PALM BEACH GARDENS, Fla. – Armed with an Eskimo Joe’s cooler in his left hand, Rickie Fowler waited behind PGA National’s 18th green for a karmic celebration.
About an hour earlier, Fowler hit the road with girlfriend Allison Stokke and drove an exit south on the Turnpike. It was nearly the identical, 25-minute drive that Thomas made last year, when he missed the cut at the Honda Classic but returned in time to congratulate Fowler.
Now, it was Fowler’s turn to return the favor, after Thomas prevailed in a playoff over Luke List.
“It’s cool to be able to do this for each other,” Fowler said. “He’s playing all right. It’s been a good little stretch for the last two years.”

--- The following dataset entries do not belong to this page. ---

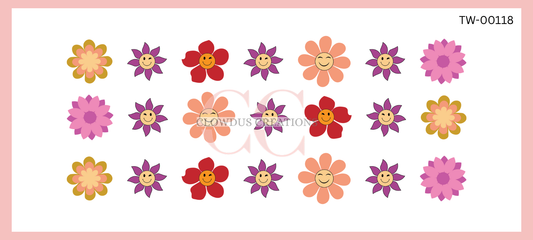 Colorful Flowers UV DTF Wrap TW-00118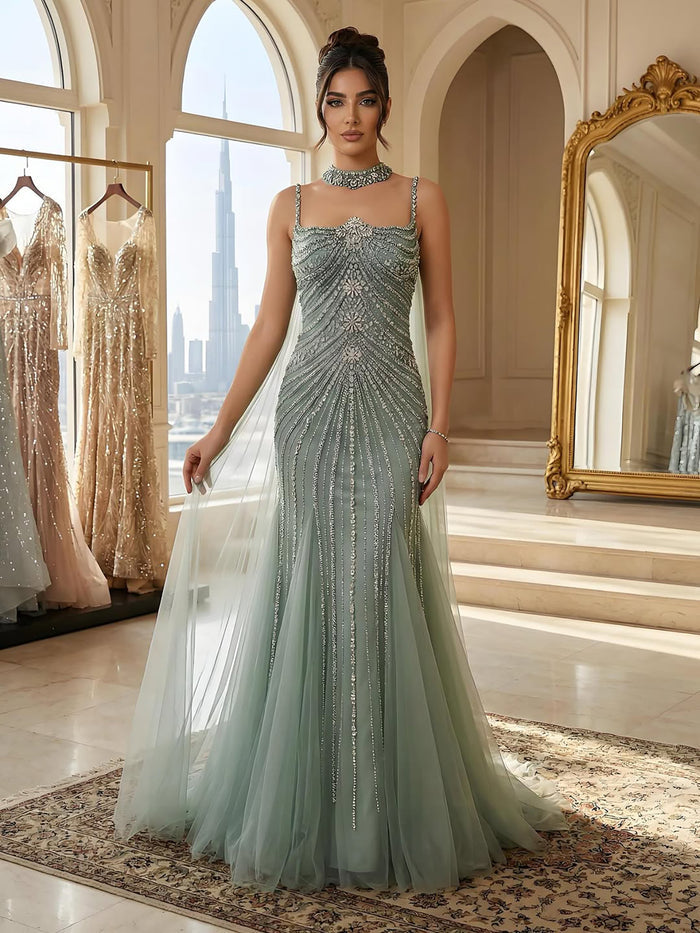 Luxury Navy Blue Mermaid Evening Dress with Chocker Cape LA72440 - SERENE  HILL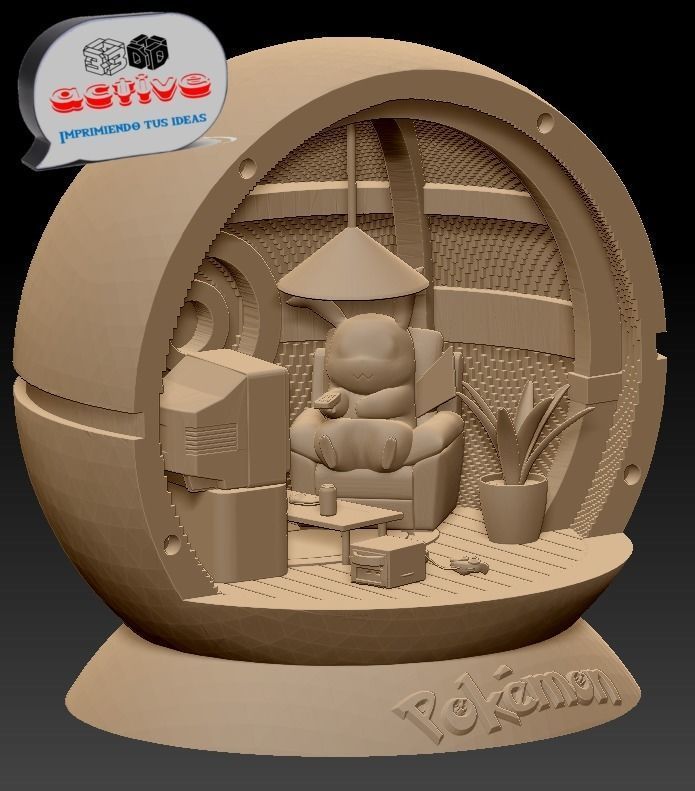 Pokemon - Pikachu inside his pokeball 3D print model_2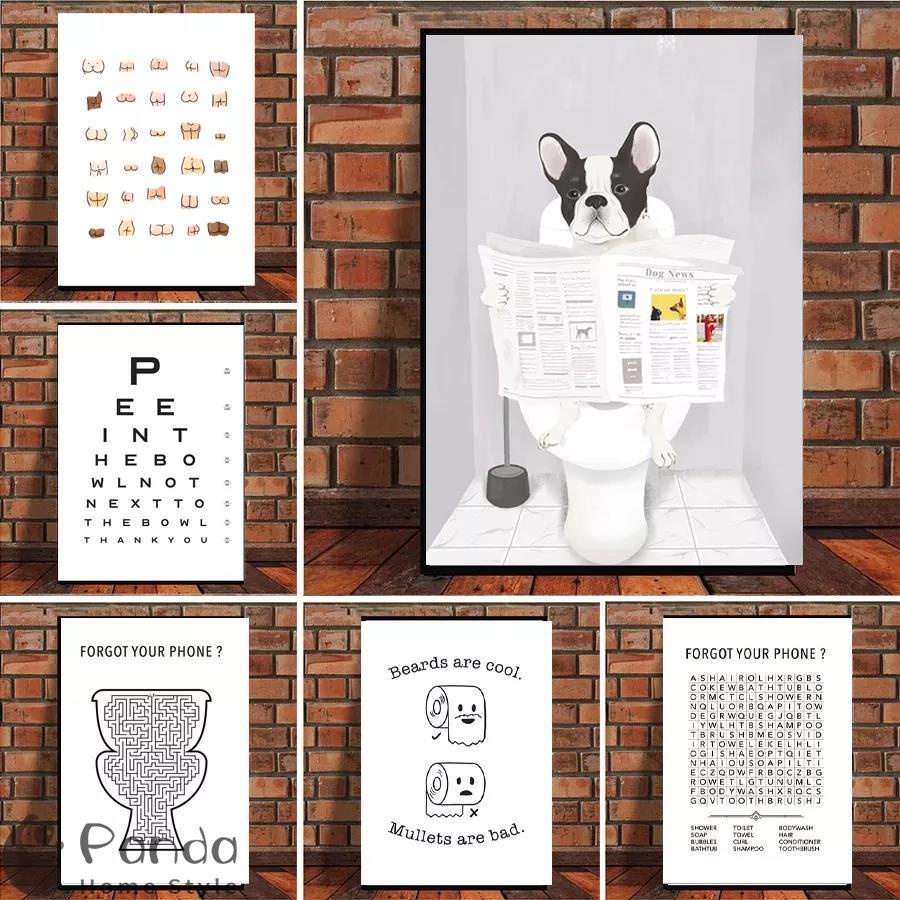 โปสเตอร์ภาพวาดผ้าใบ รูปสุนัขบูลด็อกตลก สไตล์ฝรั่งเศส สําหรับตกแต่งผนังห้องน้ํา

A good little stretch, indeed – this was Thomas’ seventh victory in his last 31 starts. That torrid stretch has not only vaulted him to the top of the list of Masters favorites – again – but into the PGA Tour record books, becoming just the third player in the past 30 years with eight Tour titles before the age of 25.
Asked if he believes he’s playing better than last season, Thomas replied: “Yeah, I do. I feel very confident in pretty much every part of my game right now. I feel like my game is in a very good spot at the moment.”
After that five-win season, Thomas consulted his peers (including pal Jordan Spieth) on how to manage expectations for the following year, how to avoid suffering a letdown.
Thomas kept rolling last fall with a win in Korea, but this spring he admitted to feeling some stress, rattling off three consecutive top-20s but coming undone with a poor stretch of holes each weekend.
“This definitely takes the pressure off me,” said Thomas, who leapfrogged Spieth to become the third-ranked player in the world.
“I’ve been happy with how consistent I’ve been, but without any wins, I’m constantly being reminded. It’s nice to get it a little bit off my back.”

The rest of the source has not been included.